··· LISTED ENTRIES

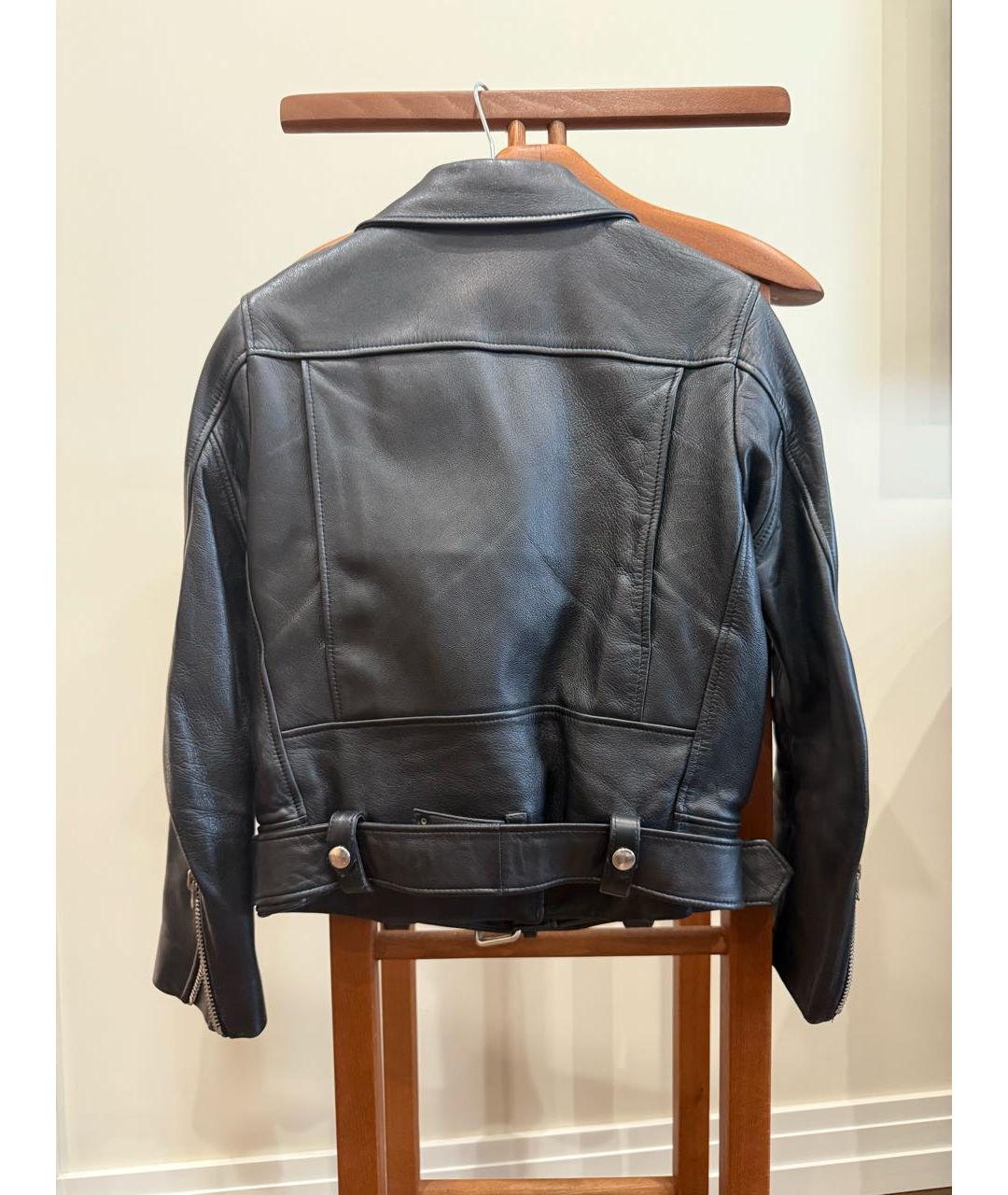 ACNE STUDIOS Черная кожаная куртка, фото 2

······
··· LISTED ENTRIES

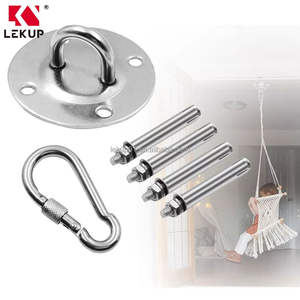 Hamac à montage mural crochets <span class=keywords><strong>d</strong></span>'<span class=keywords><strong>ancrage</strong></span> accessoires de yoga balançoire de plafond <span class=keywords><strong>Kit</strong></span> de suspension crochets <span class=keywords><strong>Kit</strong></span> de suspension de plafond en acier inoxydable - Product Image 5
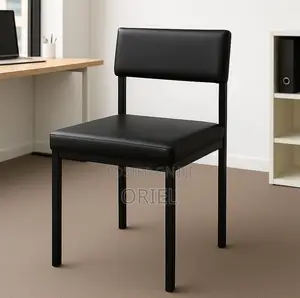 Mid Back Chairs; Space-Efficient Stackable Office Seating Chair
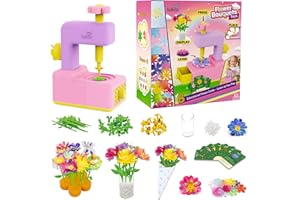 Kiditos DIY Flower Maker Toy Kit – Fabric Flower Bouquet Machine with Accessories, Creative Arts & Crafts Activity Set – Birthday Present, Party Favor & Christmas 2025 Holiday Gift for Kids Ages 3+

······

▸ **ASSIGNMENT**
Write out exactly the lines above between the one with "Mid Back Chairs;" and the one with "Kiditos DIY Flower", inclusive, with pictures left out.

▸ **RESPONSE BELOW**
 Mid Back Chairs; Space-Efficient Stackable Office Seating Chair
 Kiditos DIY Flower Maker Toy Kit – Fabric Flower Bouquet Machine with Accessories, Creative Arts & Crafts Activity Set – Birthday Present, Party Favor & Christmas 2025 Holiday Gift for Kids Ages 3+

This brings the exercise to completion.